Mumbai: A decade-old old rule by the Registrar of Cooperative Societies to video-record annual general meetings is being blatantly ignored by most cooperative societies.
The circular, making video and audio recordings of general body meetings mandatory, was released on March 15, 2010. As per the circular, it was to be circulated among all members.
Majority of cooperative societies unaware of circular
However, almost all cooperative societies are unaware of this circular and do not practise its guidelines. Even the society consultants, who are appointed to guide the managing committee members, do not bring attention of the office bearers towards this particular rule.
As a result, most general body meetings go unrecorded; only minutes of the meeting are maintained and circulated in the text form.
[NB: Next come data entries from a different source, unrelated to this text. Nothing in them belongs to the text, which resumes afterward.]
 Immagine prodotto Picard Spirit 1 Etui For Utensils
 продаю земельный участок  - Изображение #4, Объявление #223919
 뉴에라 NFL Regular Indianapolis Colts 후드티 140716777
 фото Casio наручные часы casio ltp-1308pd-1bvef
This could lead to problems if two or more warring groups in a managing committee file a grievance with the government department.
S Parthasarathy, vice-president of the Maharashtra Societies Welfare Association (MahaSeWA), said, “Of late, I have come across such cases where video recording is sought. If a complaint is made to the registrar regarding obtaining minutes of a general body, the registrar is relying upon this circular and directing the committee to share the video recording with them.”
“Unless a complaint is lodged and followed up vigorously, this particular rule is taken lightly,” said Advocate Vinod Sampat, president of Cooperative Societies Residents Users & Welfare Association (CSRUWA).
Recording meetings can reduce number of disputes
Parthasarathy explained that the registrar has also directed the society to start video recording in cases where the practise is not followed, and then provide the recording to members desirous of obtaining the same.
Several complaints arise when a member challenges minutes of the meeting missing out certain details, manipulation of details and incorrect usage of words having misleading interpretations. There are instances wherein the minutes are approved in the subsequent general body meeting, yet there are persons who want to challenge the minutes and move the registrar. This is when video recordings come handy as some vital points may be omitted from the circulated minutes.
According to experts, if the managing committee members video shoot their meetings, the number of disputes arising at a later stage will also reduce as anyone would be able to refer to the video and resolve the differences at the society level itself. The registrar may also penalise the society up to Rs5,000 for not abiding by the laid down rules of recording the meetings.